Gather all lines in the data that hold the string "Piece".
**** Provided records
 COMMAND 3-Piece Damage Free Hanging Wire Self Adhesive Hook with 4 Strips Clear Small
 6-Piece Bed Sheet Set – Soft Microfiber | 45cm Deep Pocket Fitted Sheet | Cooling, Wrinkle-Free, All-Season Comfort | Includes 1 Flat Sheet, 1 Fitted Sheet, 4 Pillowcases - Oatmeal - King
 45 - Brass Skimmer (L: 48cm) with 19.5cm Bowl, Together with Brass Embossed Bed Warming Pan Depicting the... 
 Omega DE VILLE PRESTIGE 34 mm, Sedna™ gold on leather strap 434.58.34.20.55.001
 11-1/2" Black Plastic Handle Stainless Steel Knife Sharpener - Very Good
********
**** Provided records
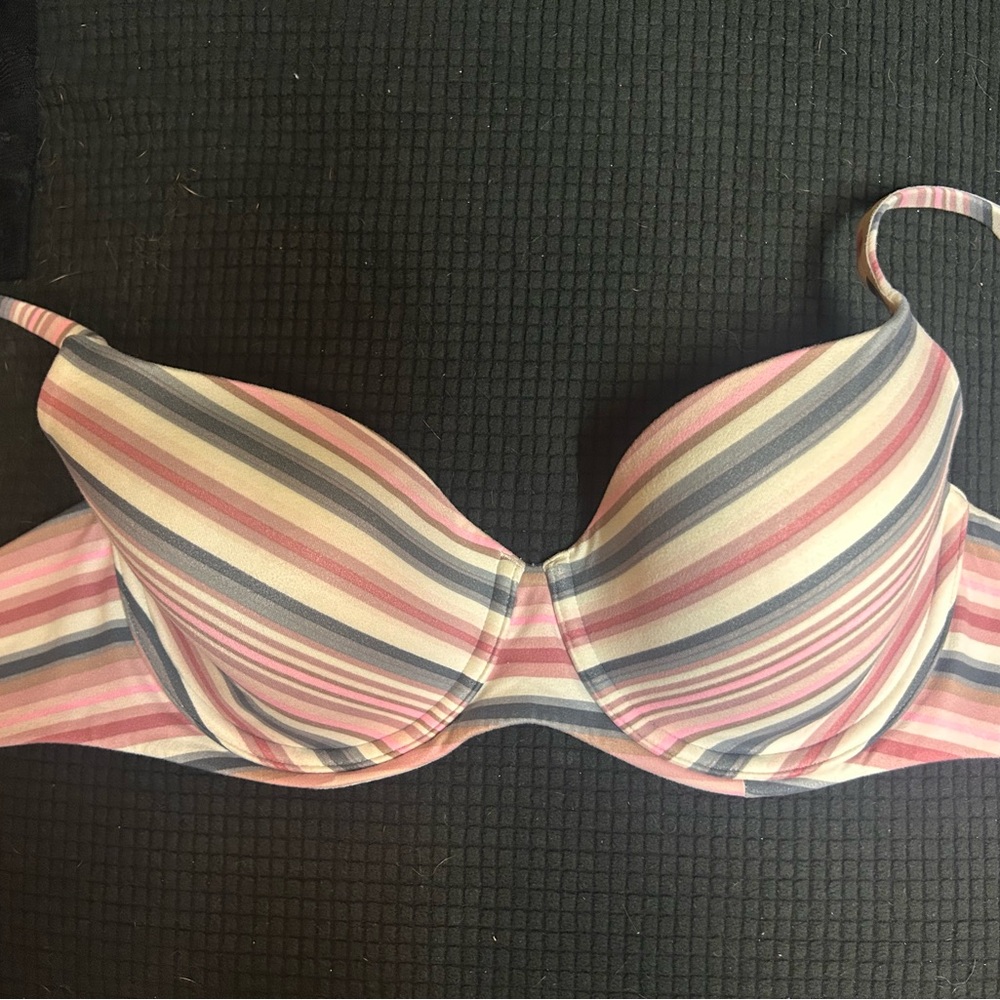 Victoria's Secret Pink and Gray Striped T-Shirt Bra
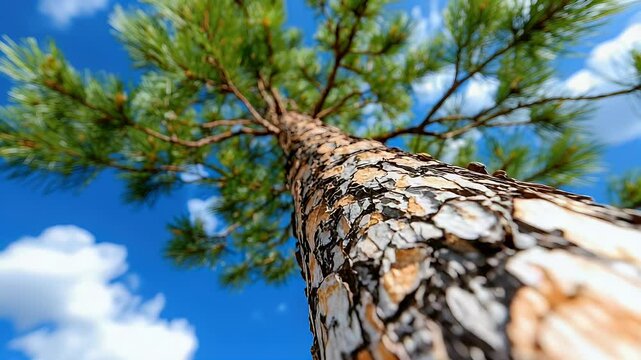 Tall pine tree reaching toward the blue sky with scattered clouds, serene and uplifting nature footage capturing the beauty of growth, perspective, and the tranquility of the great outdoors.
********
■ Solution to the exercise:
 COMMAND 3-Piece Damage Free Hanging Wire Self Adhesive Hook with 4 Strips Clear Small
 6-Piece Bed Sheet Set – Soft Microfiber | 45cm Deep Pocket Fitted Sheet | Cooling, Wrinkle-Free, All-Season Comfort | Includes 1 Flat Sheet, 1 Fitted Sheet, 4 Pillowcases - Oatmeal - King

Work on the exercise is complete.